Dans une annonce faite le mercredi 15 mai, Madbouly a révélé que conformément à l’accord de partenariat d’investissement pour la ville égyptienne, les EAU ont consenti à renoncer à un dépôt d’un montant total de 6 milliards USD en faveur de la BCE, qui sera converti en monnaie locale ( la livre égyptienne). Des actions qui contribueront à renforcer les réformes économiques en cours.
C’est en février 2024 que les deux États ont signé un accord visant à développer une partie de la côte méditerranéenne, notamment la péninsule de Ras El Hekma, qui apporterait 35 milliards USD d’investissements au pays endetté. L’accord pourrait éventuellement attirer jusqu’à 150 milliards USD d’investissements, selon Mostafa Madbouly.

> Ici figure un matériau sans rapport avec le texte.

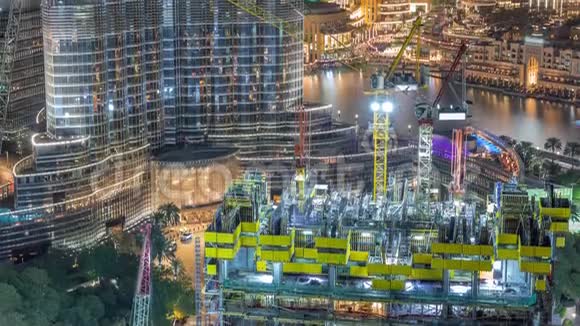在迪拜一座正在建造的摩天大楼的空中景观与巨大的起重机夜间时间间隔视频的预览图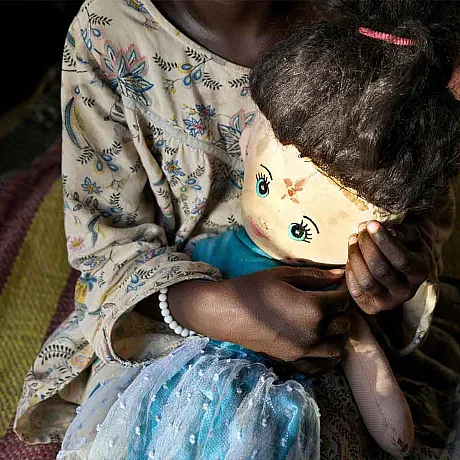 Jente fra Sør-Sudan holder rundt dukken sin.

L’accord d’investissement global implique également la société d’investissement et de holding basée à Abu Dhabi, ADQ, acquérant les droits de développement de Ras El-Hekma pour 24 milliards de dollars.
Située à environ 200 km à l’ouest d’Alexandrie, la ville touristique disposera de zones d’investissement, une industrie technologique légère, des parcs d’attractions, une marina et un aéroport ainsi que des développements touristiques et résidentiels. Les travaux devraient commencer début 2025.